Crowdsourcing with Multi Dimensional Trust and Active Learning
Baras, John, S.
June 01, 2016
We consider a typical crowdsourcing task that aggregates input from multiple workers as a problem in information fusion. To cope with the issue of noisy and sometimes malicious input from workers, trust is used to model workers expertise. In a multi-domain knowledge learning task, however, using scalarvalued trust to model a workers performance is not sufficient to reflect the workers trustworthiness in each of the domains. To address this issue, we propose a probabilistic model to jointly infer multi-dimensional trust of workers, multi-domain properties of questions, and true labels of questions. Our model is flexible and extensible to incorporate metadata associated with questions. To show that, we further propose two extended models, one of which handles input tasks with real-valued features and the other handles tasks with text features by incorporating topic models.

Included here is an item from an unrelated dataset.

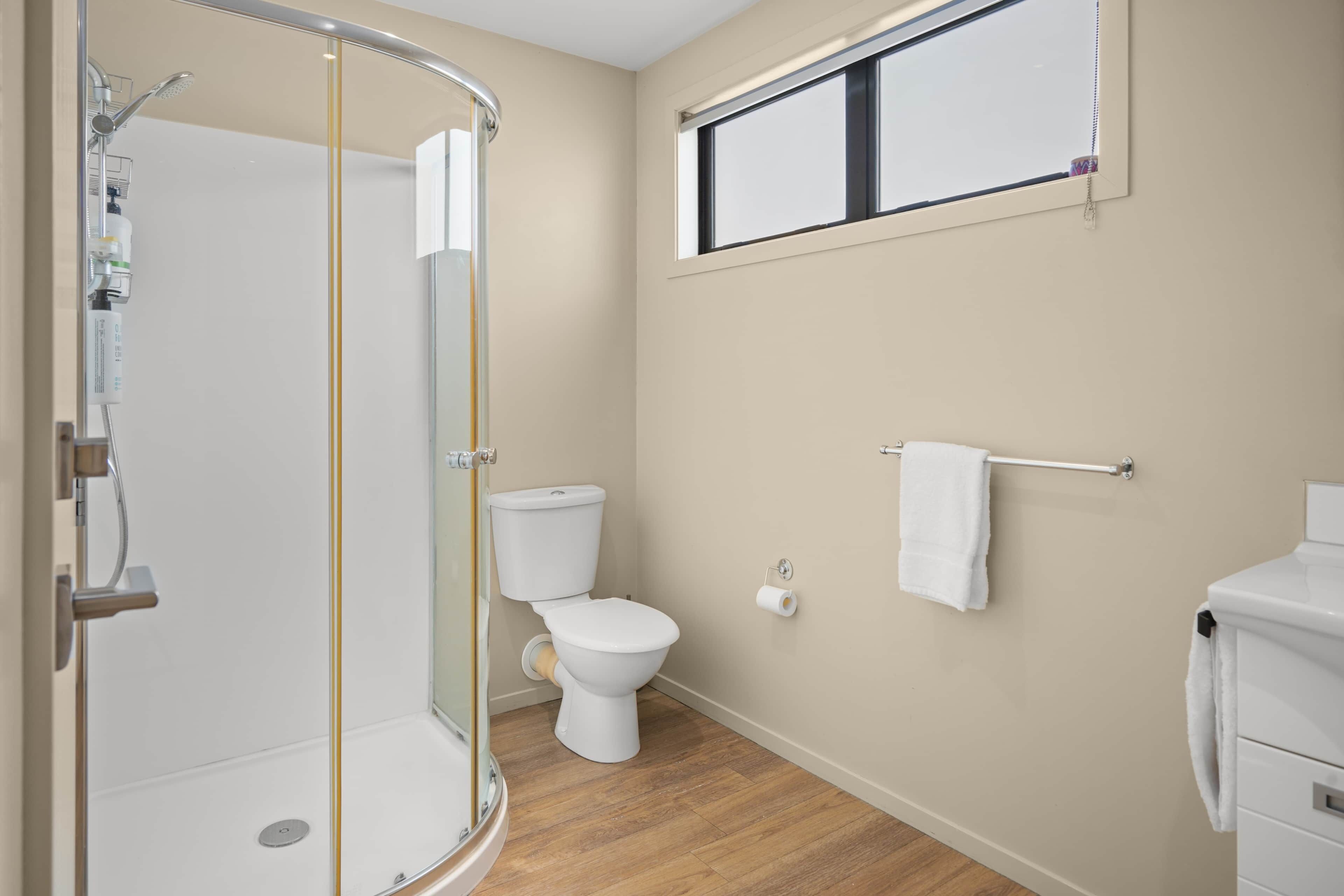 A bathroom with a glass-enclosed shower, a toilet, a towel rack, and a window.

Finally, we evaluate our model on real-world datasets and demonstrate that our models are superior to state-of-the-art. In addition, our models can effectively recover trust vectors of workers, which can be very useful in task assignment adaptive to workers trust in the future. In order to decrease entropies and reduce error rates more quickly with fewer annotations from workers, we further propose strategies for selecting which questions to ask and which workers to assign the questions to based on multi- dimension characteristics of questions and workers trust values in those dimensions. These results can be applied for fusion of information from multiple data sources like sensors, human input, machine learning results, or a hybrid of them.